There are obvious economic gains for the US to be made from promoting further liberalisation and integration to boost competition in the European energy market, while assisting the EU with its interconnectivity targets. Such projects could be supported by using the US International Development Finance Corporation (USDFC) to mobilise private investment, for example. Legislation on this new federal agency to financially support the US’s foreign policy priorities was signed on 5 October 2018.

US engagement with the EU’s energy security would also compliment the strategic priorities of the transatlantic partners vis-à-vis the regional ambitions of China, for instance. In addition to providing an alternative to China’s Belt and Road and 16+1 initiatives through more transparent and reliable financing programmes, the EU and US should coordinate screening rules on foreign investments on energy and infrastructure sector projects. Ideally, such common measures should form a part of a wider transatlantic plan on strategic investments.

Nowhere is the need for transatlantic energy and investment cooperation as pressing as in the CEE region. A region showcasing the imbalances present in the EU energy sector, the CEE Member States are particularly dependent on extremely carbon-intensive coal-based energy production as well as on gas supplies from the Russian state-owned Gazprom and would therefore benefit from increased gas supply and diversification of sources. Considering the current geopolitical tensions in Eastern Europe, Member States such as Poland are already looking to the US to provide reliable energy to reduce both their greenhouse gas emissions and dependence on Russia.

Deepening the ongoing transatlantic trade on liquefied natural gas (LNG) would thus be a natural starting point towards strengthening the transatlantic energy cooperation to foster both EU security of supply and energy transition. Natural gas emits around 50% less CO2 than coal when producing the same amount of energy and the commercial availability of the technology makes it one of the most cost-effective alternatives to achieve considerable short-term emission reductions in the EU. The European Commission has also recognised this role of  gas on LNG and bio-methane especially in its A Clean Planet for All (2018) strategic vision for 2050. Therefore, such cooperation would allow the EU to directly contribute to the decarbonisation targets embedded in its Energy Union legislation and climate objectives.

Moreover, further LNG terminal projects in Croatia, Lithuania, and Poland would allow the CEE region in particular to continue to diversify its sources of supply. In 2014, the then President of Lithuania, Dalia Grybauskaite, even went as far as to say that the ability to import LNG would curb the “existential threat” of having to rely on Russian supply. In fact, Lithuania managed to lower their overall energy costs and negotiate a 20% price reduction with Gazprom for the following year after the new LNG infrastructure pressured the Russian energy supplier to compete in the market.

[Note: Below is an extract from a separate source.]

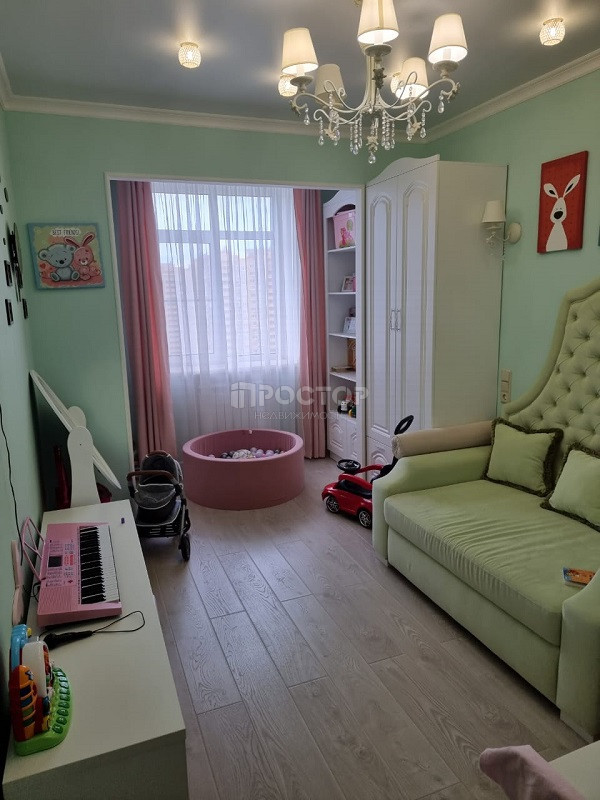 3-комнатная квартира, 89 м² - фото 26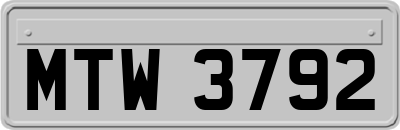 MTW3792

To make the overall cooperation more effective, however, investments must be made available beyond terminals and towards supporting interconnected infrastructure projects to avoid congestion in some Member States and lack of supply in others. Washington must also demonstrate that it has sufficient capacity to deliver the necessary quantities of LNG at a competitive price to further encourage this development. Such reliable access to gas supply would grant crucial support to both energy transition and security of the most carbon-intensive EU regions in particular – also in Member States without a coastline.

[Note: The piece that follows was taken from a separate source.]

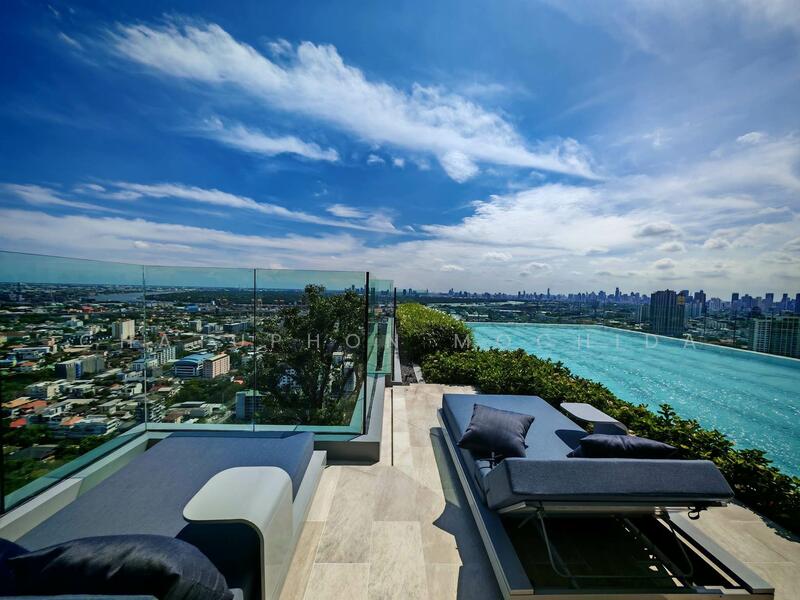 Aspire Onnut Station, Bangkok, Sukhumvit Road, Phra Kanong, Khlong Toei, Bangkok, 1 Bedroom, 31 sqm, Condo For Sale, by Chatuphon Mochida, 500118068 - DDproperty.com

There are numerous reasons for why the transatlantic ties between the EU and US should be reinvigorated, and energy security offers one of the most compelling ones. Providing transparent and reliable alternatives to Chinese investment programmes and Russian energy supplies through greater transatlantic cooperation should thus feature strongly on the agenda at the next EU-US Energy Council.

This article is of original work. The opinions expressed in the article are those of the author personally and not tied to the interests of any specific stakeholder or sector.